This unique ownership + borrow check mechanism effectively avoids the pointer/iterator invalidation bug and the performance problems caused by aliasing.

On top of this, Rust introduces the concept of lifetime, i.e. each variable has a lifetime, and when multiple variables are referenced, the compiler checks the lifetime relationship between them, forbidding a non-owning reference to be accessed after the lifetime of the original object.

let s: &String;

{
    let x = String::new("abc");
    s = &x;
}

println!("s is {}", s);  // error, lifetime(s) > lifetime(x)

This is a relatively simple example, so let’s look at some more complex ones.
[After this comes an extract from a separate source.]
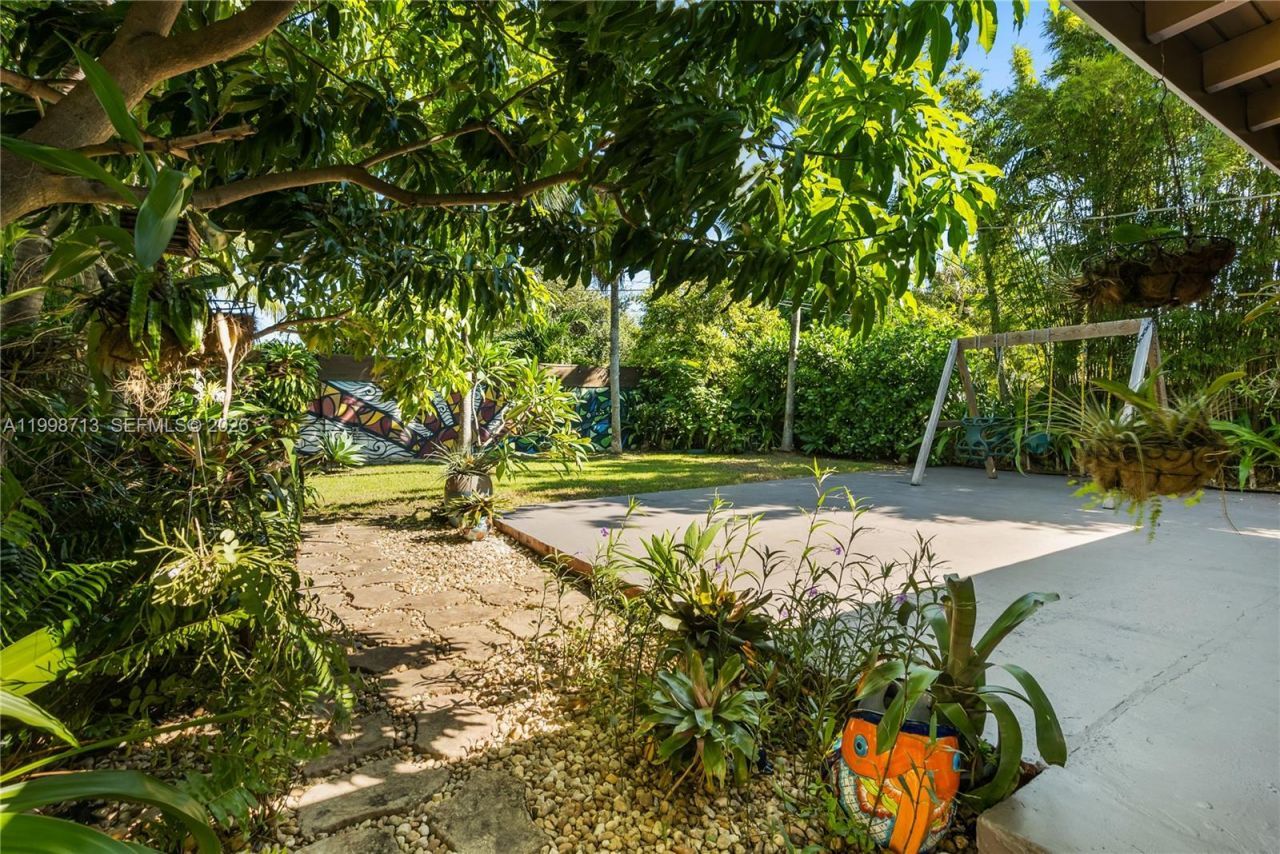 1333 SW 16th St, Miami, FL 33145 Photo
// not valid rust, for exposition only
struct ABC
{
    x: &String,
}

fn foo(x: String)
{
    let z = ABC { x: &x };

    consume_string(x);  // not compile, x is borrowed by z
    drop(z);  // call destructor explicitly

    consume_string(x);  // ok

    // won't compile, bind a temp to z.x
    let z = ABC { x: &String::new("abc") };
    // use z

    // Box::new == make_unique
    // won't compile, the box object is destroyed soon
    let z = ABC{ x: &*Box::new(String::new("abc") };
    // use z
}

Look at another, more complex one, involving multiple threads.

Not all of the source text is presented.